## [Extracted entries]
--- START ---

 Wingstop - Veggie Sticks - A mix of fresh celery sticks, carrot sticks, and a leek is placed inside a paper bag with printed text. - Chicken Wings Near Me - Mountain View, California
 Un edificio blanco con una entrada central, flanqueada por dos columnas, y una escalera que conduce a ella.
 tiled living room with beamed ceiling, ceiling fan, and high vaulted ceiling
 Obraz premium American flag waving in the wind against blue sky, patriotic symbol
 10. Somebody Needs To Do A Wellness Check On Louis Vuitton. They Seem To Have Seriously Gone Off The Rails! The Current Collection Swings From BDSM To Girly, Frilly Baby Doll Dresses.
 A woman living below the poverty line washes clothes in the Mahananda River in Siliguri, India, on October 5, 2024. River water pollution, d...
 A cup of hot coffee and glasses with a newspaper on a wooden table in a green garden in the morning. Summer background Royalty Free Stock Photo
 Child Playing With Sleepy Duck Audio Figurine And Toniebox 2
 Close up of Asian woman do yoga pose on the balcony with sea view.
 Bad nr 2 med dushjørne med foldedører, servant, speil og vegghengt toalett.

--- END ---
--- START ---

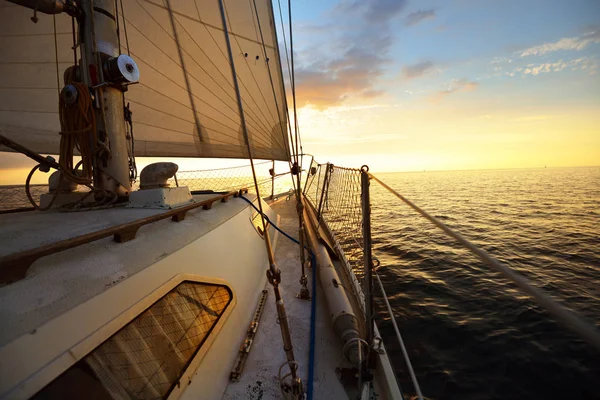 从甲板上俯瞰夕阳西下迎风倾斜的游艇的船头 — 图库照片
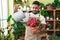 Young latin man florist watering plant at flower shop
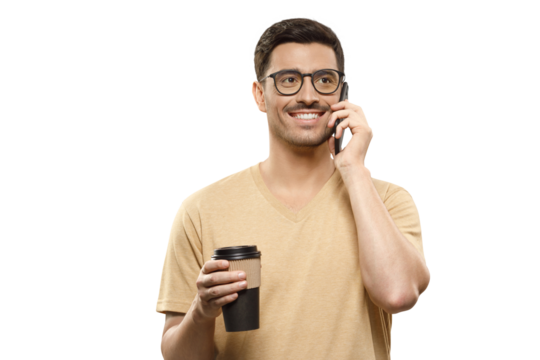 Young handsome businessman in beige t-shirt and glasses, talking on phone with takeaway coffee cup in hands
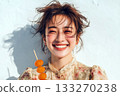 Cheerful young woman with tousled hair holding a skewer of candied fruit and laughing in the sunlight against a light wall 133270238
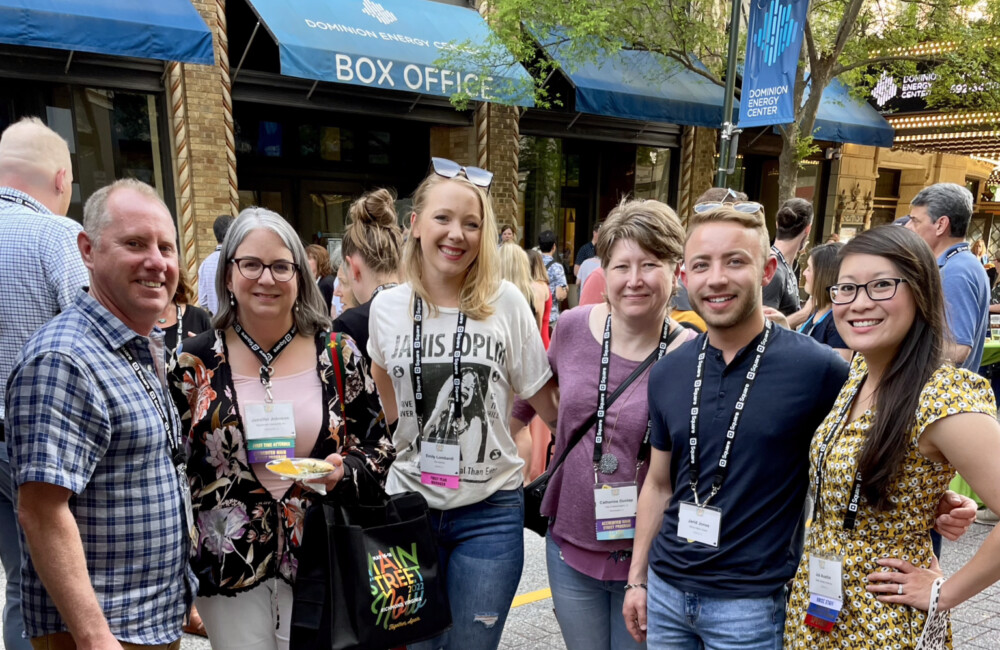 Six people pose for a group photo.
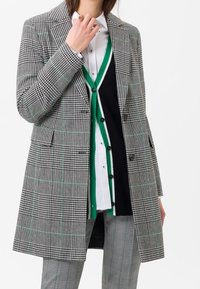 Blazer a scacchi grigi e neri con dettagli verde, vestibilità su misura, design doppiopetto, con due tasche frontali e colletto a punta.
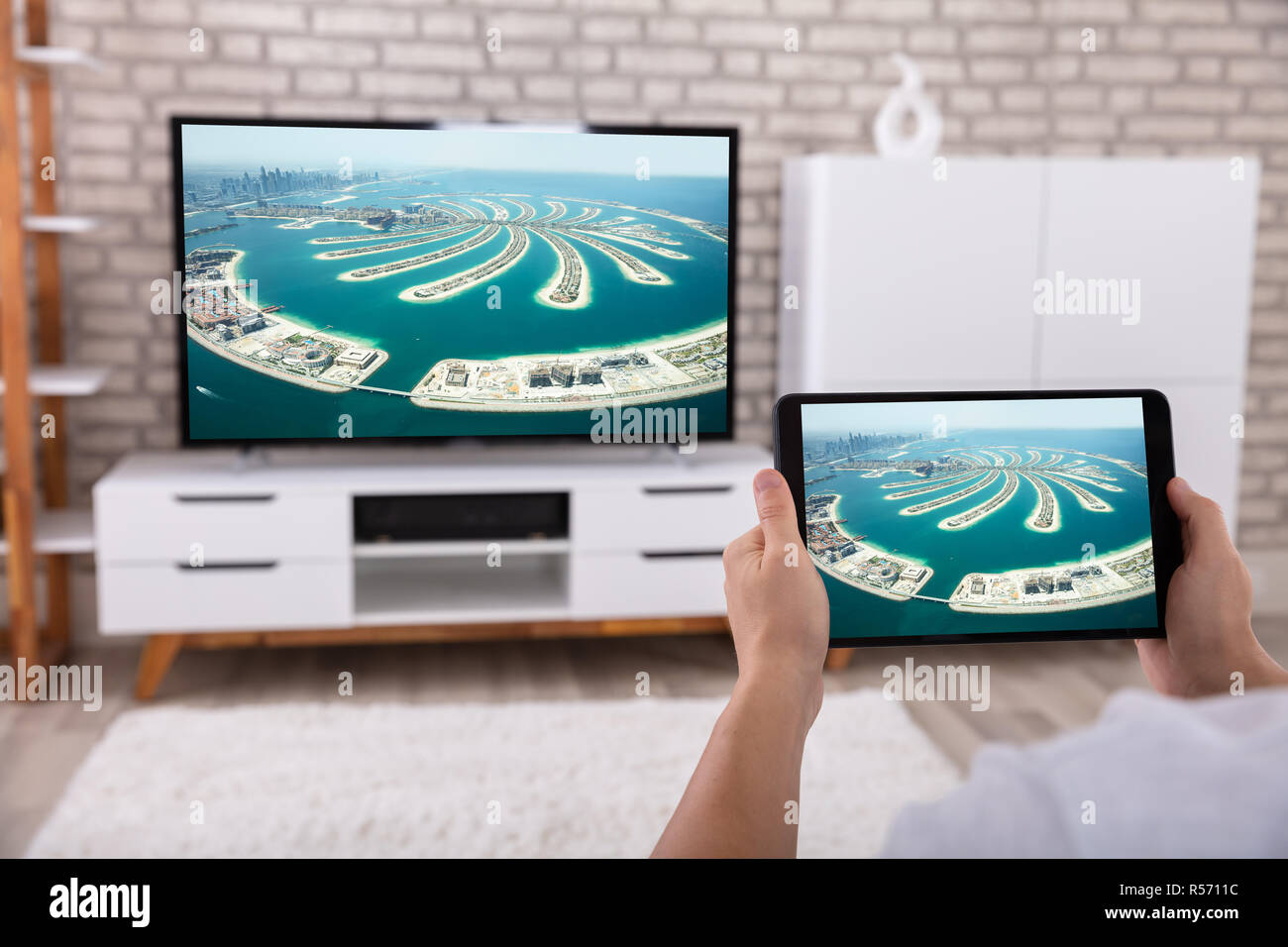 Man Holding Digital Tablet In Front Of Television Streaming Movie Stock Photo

--- END ---
--- START ---

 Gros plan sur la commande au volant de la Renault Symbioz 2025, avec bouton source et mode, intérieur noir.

--- END ---

## [Task statement]
Everything above from the line with "从甲板上俯瞰夕阳西下迎风倾斜的游艇的船头 — 图库照片" through the line with "Six people pose for a group photo." should be retyped exactly, and nothing else; omit pictures.

## [Answer to this exercise]
 从甲板上俯瞰夕阳西下迎风倾斜的游艇的船头 — 图库照片
 Young latin man florist watering plant at flower shop
 Young handsome businessman in beige t-shirt and glasses, talking on phone with takeaway coffee cup in hands
 Cheerful young woman with tousled hair holding a skewer of candied fruit and laughing in the sunlight against a light wall 133270238
 Six people pose for a group photo.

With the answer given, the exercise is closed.